On 8 July 2013 21:30, Adrian Brasoveanu <adrian.brasove...@gmail.com> wrote:
> Hello Dimitris,
>
> I am in vacation, so I don't really have a good Internet connection.
> After reading your mail, I am succesfully running an extraction with the
> download.minimal.properties file...(it is slow, but I was really curious).
> However I did this under Ubuntu and it was really easy (following all the
> steps from http://wiki.dbpedia.org/ExtractionOnUbuntu?v=fnb).
> I did this because I wanted to see the difference between Windows and Linux
> when running the bash scripts...
>
> I also discovered I need a bigger virtual machine for such tasks :) (20 GB
> is not enough :) ).
>
> It took about 45 minutes to install everything under Linux (Intellij Idea,
> apache, php, mysql, mediawiki, etc).
> Under Windows it took some 3 hours or so, but mainly due to the fact that I
> tried to do it with Eclipse..
> After that I switched to Intellij Idea and it took another hour or so...
>
> I noticed the next things:
> 0) Eclipse is really bad when it comes to maven and scala.... So I used
> IntelliJ since that was recommended on Ubuntu also.
> I used everything in last versions (IntelliJ Community last version, last
> Maven, last Scala, and so on...)
> 1) The maven integration was not working out of the box in Windows even in
> IntelliJ, compared to Linux (it took more than 30-40 minutes to bring out
> all the
> files and dependencies), but there were nice and clear error messages that
> tell you what jar is missing)
> 2) There were 4-5 jars missings (they are easy to find on the web anyway,
> apache.commons.compress was one of those jars, for example...
> and a certain version of scala-test)
> 3) All the paths need to be changed (clearly you're not using
> /home/release/downloads or something similar on Windows)
> 4) There is a need for a good tutorial on how to run bash files under
> Windows....
> 5) Most of the errors you will get will be path errors,...
>
> That would be it... If you want to run it on Windows.
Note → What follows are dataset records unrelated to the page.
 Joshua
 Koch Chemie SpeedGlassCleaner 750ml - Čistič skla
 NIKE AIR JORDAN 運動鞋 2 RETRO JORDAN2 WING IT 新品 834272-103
However I did not
> added any settings for WAMP and MediaWiki on Windows...
> Yes, I am willing to contribute to any Windows documentation or also to the
> normal documentation.
>
> As you probably guessed I am mostly interested in writing custom extractors,
> that's where all the attraction of this framework lies,
> not to mention that it's a good excuse to try Scala :).
>
> Best regards,
> Adrian
>
>
>
> On Fri, Jul 5, 2013 at 6:31 PM, Dimitris Kontokostas <jimk...@gmail.com>
> wrote:
>>
>> Hi Andrian,
>>
>> The project runs with maven3 and the dump pom defines various launchers
>> for simple extraction we use the download & extraction launchers
>>
>>
>> https://github.com/dbpedia/extraction-framework/wiki/Extraction-Instructions
>> the "run" script runs in bash but if you take a look [1] you will quickly
>> find out what it needs to run the scripts in windows.
>> You can equivalently make run configurations in IntellJ / eclipse
>>
>> Once you get it running, could take some time and create a guide for
>> windows users?
>>
>> Cheers,
>> Dimitris
>>
>> [1] https://github.com/dbpedia/extraction-framework/blob/master/run
>>
>>
>> On Thu, Jul 4, 2013 at 11:55 AM, Adrian Brasoveanu
>> <adrian.brasove...@gmail.com> wrote:
>>>
>>> Hello all,
>>>
>>> Sorry for re-posting this. First time I got an error message because I
>>> was not subscribed to this list.
>>>
>>> I tried running the DBPedia Extraction Framework on Windows.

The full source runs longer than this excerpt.